On June 9, 2015, six federal agencies (Office of the Comptroller of the Currency, Board of Governors of the Federal Reserve, Federal Deposit Insurance Corporation, National Credit Union Administration, Consumer Financial Protection Bureau, and Securities and Exchange Commission) (collectively, “Agencies”) issued a final interagency policy statement (“Final Policy”) that established joint standards for assessing the diversity policies and practices for the entities they regulate, as required by the Dodd-Frank Wall Street Reform and Consumer Protection Act of 2010 (Act) (“Section 342”). The standards went into effect on June 10, 2015, so the regulated entities should begin to focus on implementing the new standards into their organizations.

To develop the Final Policy, the Agencies requested and received more than 200 comments on the Proposed Rule. The Final Policy reflects the input of more than 200 industry commentators submitted to the Agencies based on the proposed standards issued in 2013. The Final Policy includes the following changes and additions.

Legal Effect

The Agencies received several comments from individuals who were confused about the legal obligations of the policy statement. Some commenters interpreted the proposal to establish new requirements and others interpreted the proposal to fail to create any new obligations. To alleviate the confusion, the Agencies clarified that the Final Policy creates no legal obligation and use of the proposed standards is voluntary.

Definition of Diversity and Inclusion

The proposal did not provide a definition of diversity. Due to concerns associated with differing interpretations of diversity, the Agencies added the following definition to the Final Policy: “diversity refers to minorities and women.” Minority was then defined as “Black Americans, Native Americans, Hispanic Americans, and Asian Americans.” Further, the Final Policy provides that regulated entities may apply a broader definition of diversity within their own organizations.

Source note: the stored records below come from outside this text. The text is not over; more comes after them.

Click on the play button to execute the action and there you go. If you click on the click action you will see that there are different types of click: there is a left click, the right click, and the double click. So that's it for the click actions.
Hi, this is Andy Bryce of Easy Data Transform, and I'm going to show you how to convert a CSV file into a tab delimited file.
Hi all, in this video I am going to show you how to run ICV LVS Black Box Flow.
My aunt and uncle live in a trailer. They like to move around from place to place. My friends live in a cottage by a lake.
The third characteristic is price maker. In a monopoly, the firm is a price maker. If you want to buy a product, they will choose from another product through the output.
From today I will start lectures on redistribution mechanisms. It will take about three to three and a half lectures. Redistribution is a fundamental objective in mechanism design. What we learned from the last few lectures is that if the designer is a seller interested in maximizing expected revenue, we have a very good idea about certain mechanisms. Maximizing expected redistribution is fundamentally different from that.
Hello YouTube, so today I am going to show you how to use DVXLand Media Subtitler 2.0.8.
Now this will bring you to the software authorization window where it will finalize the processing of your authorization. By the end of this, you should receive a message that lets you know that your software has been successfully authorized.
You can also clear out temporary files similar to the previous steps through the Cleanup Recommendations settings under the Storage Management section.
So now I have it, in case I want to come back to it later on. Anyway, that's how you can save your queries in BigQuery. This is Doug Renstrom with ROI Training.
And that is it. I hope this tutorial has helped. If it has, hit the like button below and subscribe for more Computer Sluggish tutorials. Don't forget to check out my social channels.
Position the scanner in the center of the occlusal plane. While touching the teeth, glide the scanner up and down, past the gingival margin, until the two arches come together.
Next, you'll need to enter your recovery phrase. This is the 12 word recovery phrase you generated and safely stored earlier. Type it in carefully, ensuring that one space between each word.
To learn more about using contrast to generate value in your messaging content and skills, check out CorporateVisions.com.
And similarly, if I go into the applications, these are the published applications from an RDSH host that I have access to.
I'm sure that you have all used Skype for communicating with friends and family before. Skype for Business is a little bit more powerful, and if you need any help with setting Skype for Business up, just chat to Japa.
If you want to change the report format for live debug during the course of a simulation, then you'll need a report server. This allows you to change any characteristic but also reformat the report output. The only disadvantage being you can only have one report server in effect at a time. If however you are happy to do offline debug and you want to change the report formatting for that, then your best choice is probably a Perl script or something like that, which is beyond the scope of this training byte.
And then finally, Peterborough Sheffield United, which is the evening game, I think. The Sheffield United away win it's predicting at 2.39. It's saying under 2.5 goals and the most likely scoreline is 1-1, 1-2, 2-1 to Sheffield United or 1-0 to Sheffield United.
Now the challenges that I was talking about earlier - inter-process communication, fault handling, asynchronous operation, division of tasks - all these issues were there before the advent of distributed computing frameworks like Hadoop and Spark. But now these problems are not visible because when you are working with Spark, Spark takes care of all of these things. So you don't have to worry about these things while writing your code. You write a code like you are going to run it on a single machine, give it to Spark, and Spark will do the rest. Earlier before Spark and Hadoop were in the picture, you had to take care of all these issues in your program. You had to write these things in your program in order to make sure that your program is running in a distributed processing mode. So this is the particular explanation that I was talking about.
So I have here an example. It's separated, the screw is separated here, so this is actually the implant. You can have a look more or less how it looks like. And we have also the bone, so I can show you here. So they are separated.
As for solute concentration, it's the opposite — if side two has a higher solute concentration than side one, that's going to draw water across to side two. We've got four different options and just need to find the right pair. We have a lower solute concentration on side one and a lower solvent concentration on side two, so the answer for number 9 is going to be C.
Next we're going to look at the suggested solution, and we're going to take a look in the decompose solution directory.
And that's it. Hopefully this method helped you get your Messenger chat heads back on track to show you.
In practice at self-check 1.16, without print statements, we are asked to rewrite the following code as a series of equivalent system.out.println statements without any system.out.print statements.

The Agencies also added a definition of inclusion to the Final Policy to emphasize the creation of an inclusive culture beyond just diverse hiring practices. The Final Policy defined inclusion as “a process to create and maintain a positive work environment that values individual similarities and differences, so that all can reach their potential and maximize their contributions to an organization.”

Joint Standards

Like the proposed joint standards, the Final Policy includes metrics for regulated entities to use in assessing and their respective diversity policies and practices in the following categories:

  • Organizational Commitment to Diversity and Inclusion;
  • Workforce Profile and Employment Practices;
  • Procurement and Business Practices – Supplier Diversity; and
  • Practices to Promote Transparency of Organizational Diversity and Inclusion.

Although there were several changes made to the proposed joint standards, the general content and substance of the proposal remained the same. The most significant changes were in the Workforce Profile and Employment Practices Section.

Organizational Commitment to Diversity and Inclusion

The only change to the Organizational Commitment to Diversity and Inclusion standards was an emphasis that “the senior official responsible for an entity’s diversity and inclusion efforts preferably should have relevant knowledge and experience.”

Workforce Profile and Employment Practices

Many commentators expressed concern that the numerical data would not provide adequate insight regarding diversity efforts.

Several commenters on the proposed policy statement were concerned with the use of the EEO-1 report and Affirmative Action Plan (“AAP”) data. The commenters worried that numerical data would not provide helpful insight on the actual impact of diversity efforts. The Agencies decided to retain the proposed rule’s language regarding the use of the EEO-1 and AAP data, but transferred this information from the Workforce Profile and Employment Practices Standard to the introduction. Additionally, the Agencies encourage smaller entities not subject to EEO-1 and AAP data to use various analytical tools.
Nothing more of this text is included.